SSH: Strong cryptographic authentication (industry standard)
Kubernetes API: IP-restricted to jumphost (critical boundary)
Clear security boundaries
Less configuration = less room for error

Complex model risks:

NAT gateway becomes attack target
More iptables rules to audit
Route persistence challenges
Increased misconfiguration surface

Conclusion¶

The decision: Keep public IPv4 addresses on all cluster nodes.

The verdict: €36-54/year in potential savings do not justify:

Increased operational complexity
Single point of failure introduction
Reduced reliability
Time investment in NAT gateway management

This is a classic example of premature optimization. The current architecture is simple, reliable, and maintainable. The cost is negligible in context.

Credential Management¶

Environment Variables¶

All sensitive credentials are managed via environment variables:

# Hetzner Cloud
TF_VAR_hcloud_token

# S3 Object Storage (shared)
TF_VAR_hetzner_s3_access_key
TF_VAR_hetzner_s3_secret_key

# Storage Box
TF_VAR_longhorn_cifs_username
TF_VAR_longhorn_cifs_password
TF_VAR_storagebox_csi_username
TF_VAR_storagebox_csi_password

# SMTP
TF_VAR_smtp_username
TF_VAR_smtp_password

Benefits:

No hardcoded secrets in version control
Easy rotation (update .env file and apply)
Separation between code and credentials
Standard practice for infrastructure as code

Shared S3 Credentials¶

Hetzner’s S3 Object Storage uses a project-level access model - any credential can access all buckets within a project. Rather than creating separate credentials that provide identical access, we use:

Single credential pair for:

etcd backup buckets
Loki log storage
Crossplane bucket management

This aligns with Hetzner’s actual security model rather than creating false separation.

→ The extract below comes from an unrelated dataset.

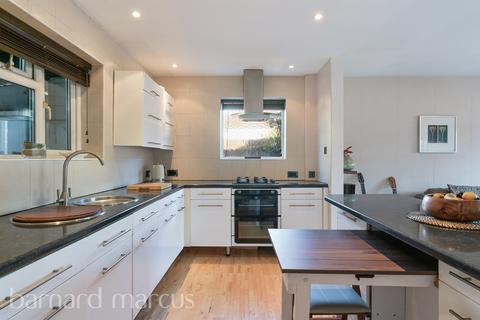 undefined, Sparrow Farm Drive, Feltham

Application Secrets Management¶

For application-level secrets (database passwords, API keys, etc.), the cluster implements a dedicated namespace pattern with External Secrets Operator (ESO):

Architecture:

Source namespace: application-secrets - holds bootstrap secrets
Target namespaces: Application namespaces (e.g., gitlabbda)
Replication: ESO automatically syncs via ClusterSecretStore
Isolation: Namespace restrictions prevent lateral access

Security properties:

✅ No secrets in Git: Only ExternalSecret declarations (config) committed
✅ Namespace isolation: ClusterSecretStore restricted via conditions.namespaces
✅ Least privilege RBAC: ServiceAccounts have read-only access
✅ Centralized rotation: Update source secret, ESO propagates everywhere
✅ Audit trail: Kubernetes events track secret access

Example: GitLab BDA manages 15+ secrets using this pattern, with ClusterSecretStore restricted to only the gitlabbda namespace. Even though the ClusterSecretStore is cluster-scoped, namespace conditions enforce strict isolation.

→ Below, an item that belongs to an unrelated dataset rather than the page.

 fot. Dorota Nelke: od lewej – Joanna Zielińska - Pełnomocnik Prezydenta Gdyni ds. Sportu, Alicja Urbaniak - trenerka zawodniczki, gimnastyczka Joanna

See Application Secrets Architecture for complete design rationale and implementation guide.

Network Encryption¶

Cilium Wireguard Mode¶

Enabled: Transparent encryption of all pod-to-pod traffic across nodes

Implementation:

Automatic key rotation
Kernel-level encryption (fast)
Zero application changes required
Protection against node-level network sniffing

Configuration in kube.tf:

cilium_values = <<EOT
encryption:
  enabled: true
  type: wireguard
EOT

Benefits:

Protects data in transit between nodes
Encrypts across the Hetzner private network
Minimal performance overhead (Wireguard is fast)
Meets compliance requirements for data in transit

Secret Management in Kubernetes¶

Current approach: Kubernetes Secrets (base64-encoded)

Future considerations:

External Secrets Operator integration
HashiCorp Vault for dynamic secrets
Sealed Secrets for Git-stored encrypted secrets

Best practices followed:

RBAC restrictions on secret access
Namespace isolation
Minimal secret replication
Regular secret rotation reminders

Summary¶

The KUP6S security model prioritizes:

Strong authentication over IP restrictions for SSH
Critical API protection through jumphost-only access
Operational simplicity over theoretical security gains
Reliability through redundancy rather than single points of failure
Pragmatic cost optimization that preserves system reliability

Security is achieved through proven, industry-standard practices rather than complex custom configurations.